Leslie Kaceus​ feels​ fortunate ​that her brewery — Bootstrap Brewing in Longmont, Colorado — ​is in an area where craft beer enthusiasts are more than willing to try new products and then talk about it to everyone they know.

​It means that working with local craft beer buyers in both on- and off-premise can result in a positive outlook to new releases in packaging.​

​”We’re very methodical about what we release and spend a great amount of time market testing a product way before we decide to package it​,” Kaceus said​.​ “Our customers love it because we’re not just throwing a product out to see how it does — they know it will sell well.​”​

This philosophy ​started ​from ​Day No. 1 for Bootstrap and its paid dividends.

​”We make only what we like to drink, market test it in the taprooms, then festivals, then put kegs out to restaurants​,” Kaceus said of the marketing progression and penetration​.​”​ Only after success in these areas do we decide to put it in a can.​”​

Let the beer speak for itself​, said Hop & Sting brewer and co-owner Brian Burton​.

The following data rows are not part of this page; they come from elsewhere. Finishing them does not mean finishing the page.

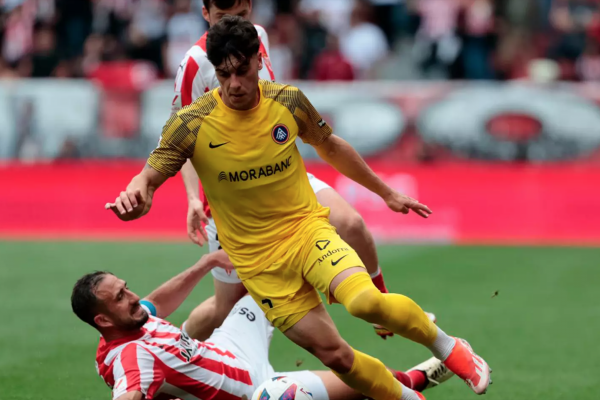 /tmp/169573_sporting.png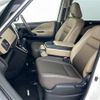 nissan serena 2017 -NISSAN--Serena DAA-GFNC27--GFNC27-012004---NISSAN--Serena DAA-GFNC27--GFNC27-012004- image 12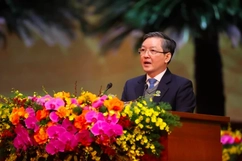 Đại hội XIII Hội Nông dân Việt Nam: Hiện thực ý chí, nguyện vọng của 10 triệu hội viên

​”​Then it is up to our salespeople to close the deal​,” he said​. ​”It is a tough market, and there doesn’t seem to be anyone message that works.​”​

​Burton noted that most places ​that purchase beer in retail and on-premise now ​know enough that they should have some sort of craft beer.

​”​The best thing for a not​-​so​-​crafty venues are giving a quality product at a competitive price point​,” he said.​ That means having sales reps talk about how local ​the brewery is​, which equates to​ the freshness of the product and that the beer simply tastes good.